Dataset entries
------------------------------------

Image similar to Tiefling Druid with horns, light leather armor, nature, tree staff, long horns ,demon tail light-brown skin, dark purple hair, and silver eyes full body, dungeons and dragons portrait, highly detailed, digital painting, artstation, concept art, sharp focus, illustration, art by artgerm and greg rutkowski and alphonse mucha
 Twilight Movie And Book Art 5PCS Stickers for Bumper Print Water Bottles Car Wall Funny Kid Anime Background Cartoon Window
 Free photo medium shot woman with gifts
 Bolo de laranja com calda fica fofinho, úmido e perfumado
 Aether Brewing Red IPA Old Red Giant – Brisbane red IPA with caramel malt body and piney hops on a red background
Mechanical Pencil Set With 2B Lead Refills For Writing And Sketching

------------------------------------

Where in the records above does the word "body" appear? Copy each line that holds it.

Image similar to Tiefling Druid with horns, light leather armor, nature, tree staff, long horns ,demon tail light-brown skin, dark purple hair, and silver eyes full body, dungeons and dragons portrait, highly detailed, digital painting, artstation, concept art, sharp focus, illustration, art by artgerm and greg rutkowski and alphonse mucha
 Aether Brewing Red IPA Old Red Giant – Brisbane red IPA with caramel malt body and piney hops on a red background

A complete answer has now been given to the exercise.